─── Information given ───
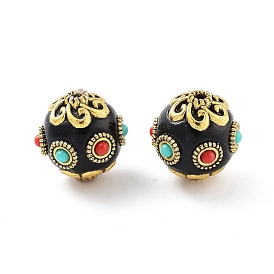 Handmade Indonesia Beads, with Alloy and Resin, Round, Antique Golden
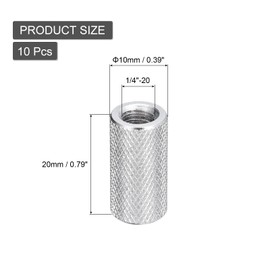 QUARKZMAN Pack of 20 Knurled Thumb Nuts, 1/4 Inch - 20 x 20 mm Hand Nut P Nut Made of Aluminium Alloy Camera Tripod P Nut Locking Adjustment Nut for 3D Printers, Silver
───
─── Information given ───
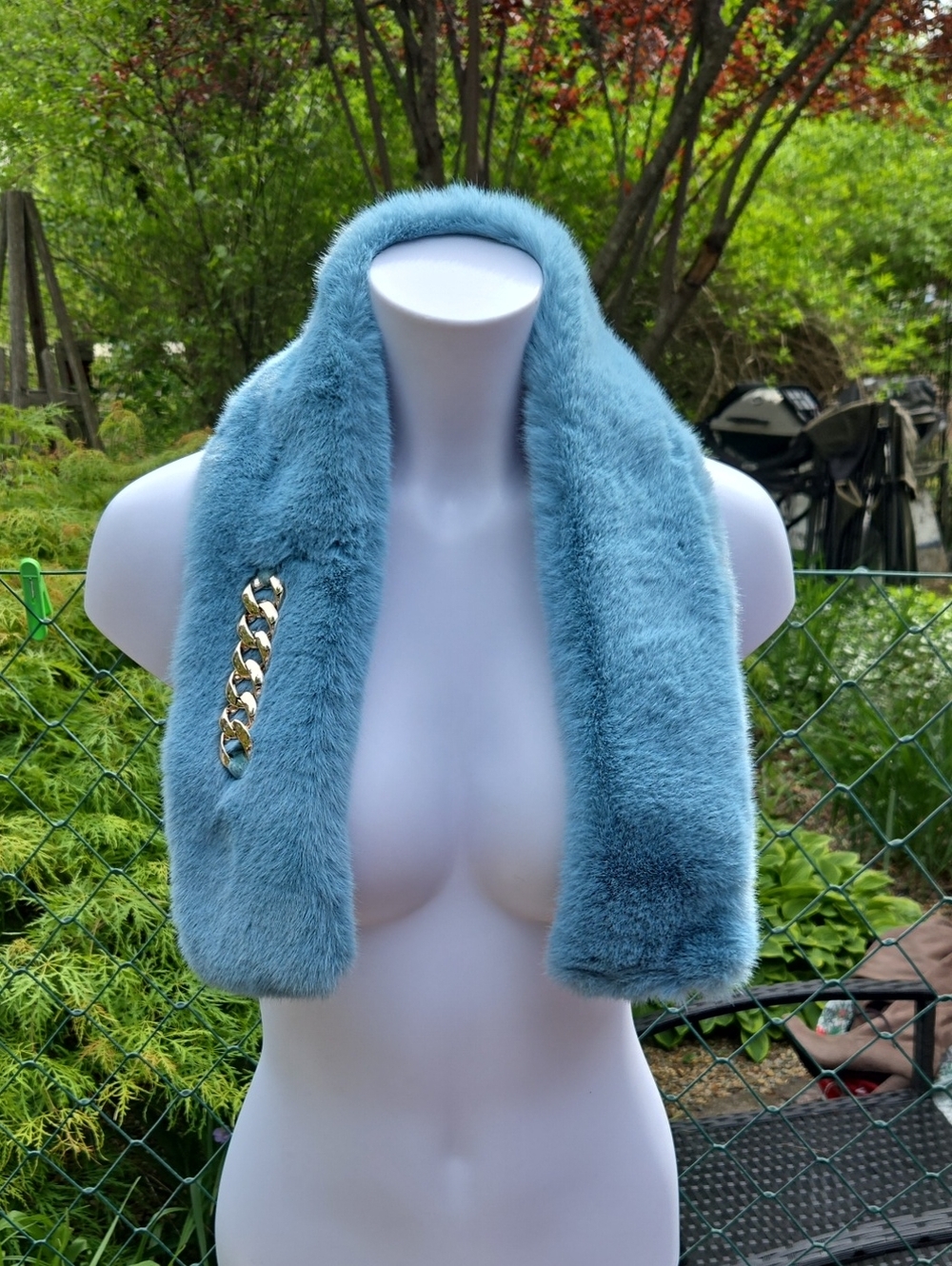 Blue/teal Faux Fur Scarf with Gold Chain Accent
───
Work required: In the records above, find the line with "Handmade Indonesia Beads, with" and the line with "QUARKZMAN Pack of", then restate word for word only those two lines and all lines between, omitting pictures.

Answer space:
 Handmade Indonesia Beads, with Alloy and Resin, Round, Antique Golden
 QUARKZMAN Pack of 20 Knurled Thumb Nuts, 1/4 Inch - 20 x 20 mm Hand Nut P Nut Made of Aluminium Alloy Camera Tripod P Nut Locking Adjustment Nut for 3D Printers, Silver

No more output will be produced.